**Work task:** In the listing below, start your output at the line with "Coleccionismo de revistas" and end it after the line with "Fishbone Offroad FB23028", copying every line exactly.

**Task input:**

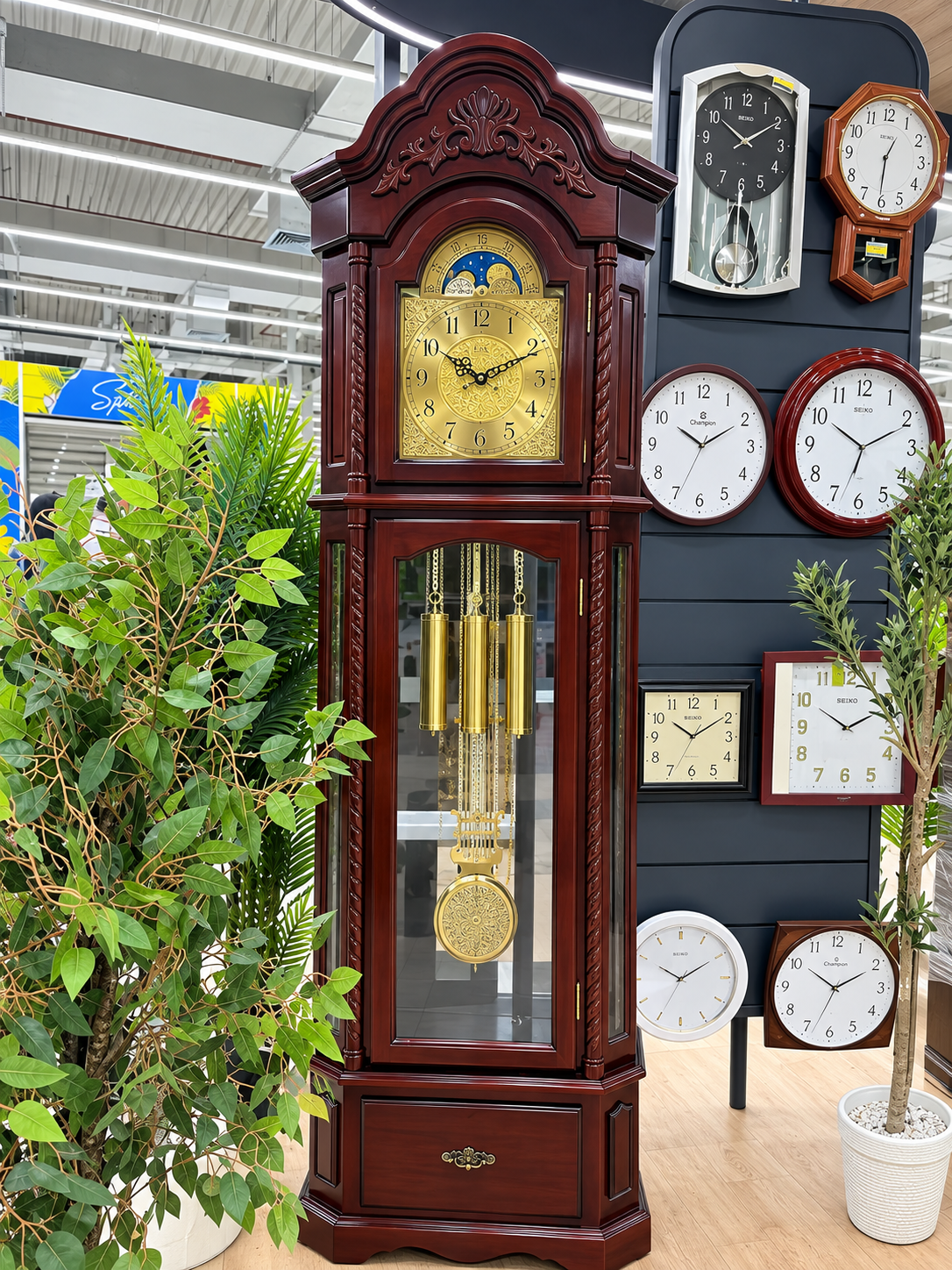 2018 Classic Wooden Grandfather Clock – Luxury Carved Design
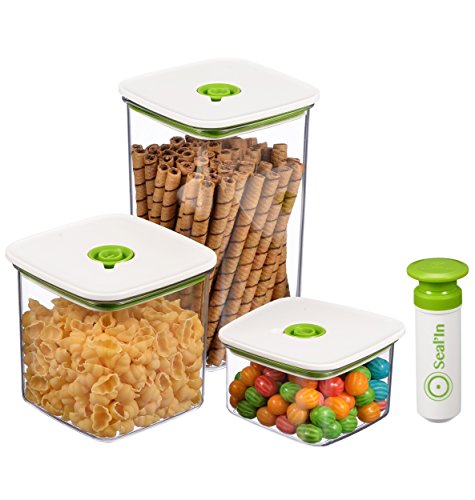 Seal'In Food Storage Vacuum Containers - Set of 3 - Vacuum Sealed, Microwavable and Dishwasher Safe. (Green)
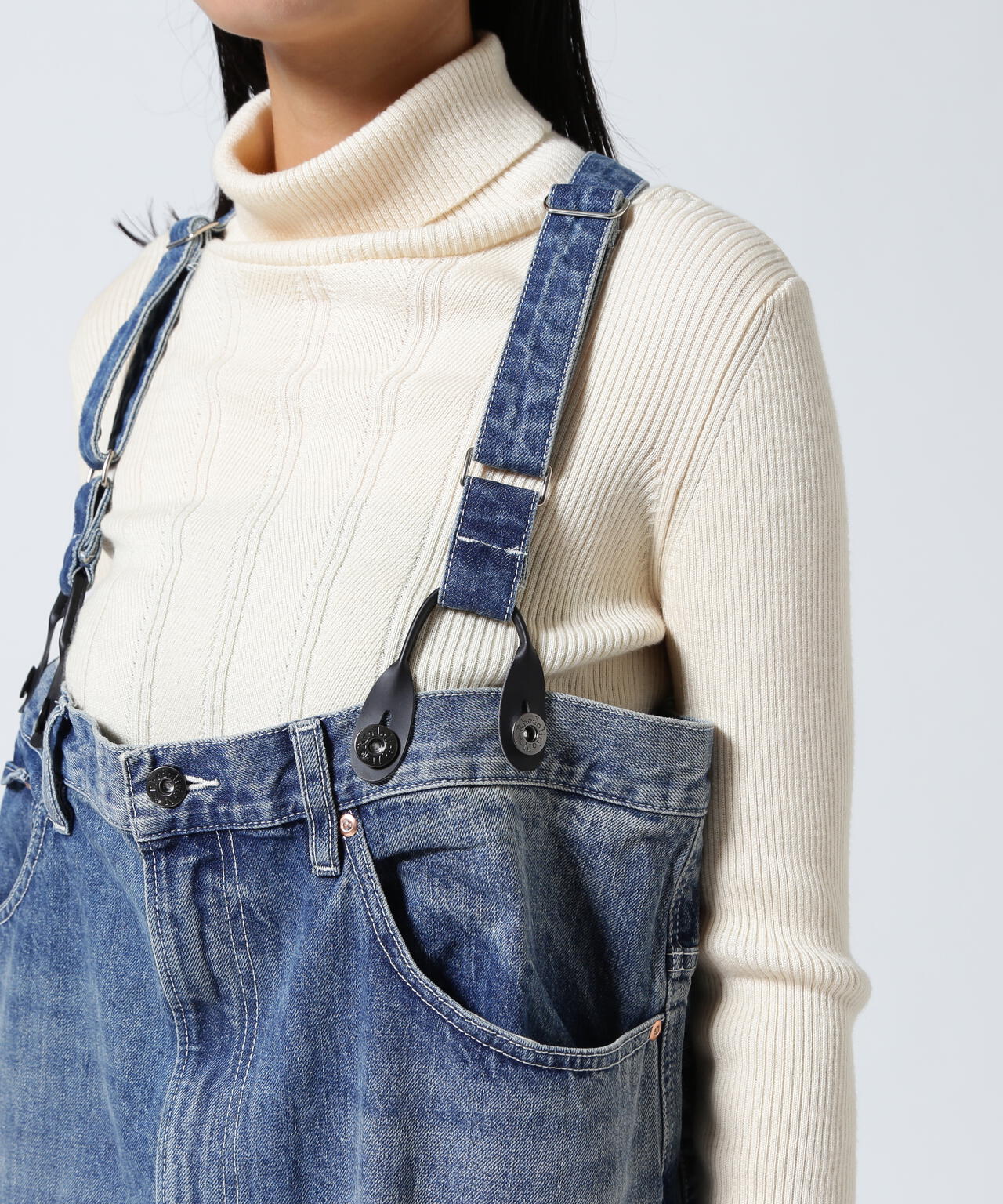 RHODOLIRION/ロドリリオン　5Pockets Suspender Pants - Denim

...

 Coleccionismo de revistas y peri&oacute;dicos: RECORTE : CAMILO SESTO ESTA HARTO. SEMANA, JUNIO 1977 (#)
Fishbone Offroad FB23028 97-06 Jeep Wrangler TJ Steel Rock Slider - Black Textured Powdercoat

**Problem solution:**
 Coleccionismo de revistas y peri&oacute;dicos: RECORTE : CAMILO SESTO ESTA HARTO. SEMANA, JUNIO 1977 (#)
Fishbone Offroad FB23028 97-06 Jeep Wrangler TJ Steel Rock Slider - Black Textured Powdercoat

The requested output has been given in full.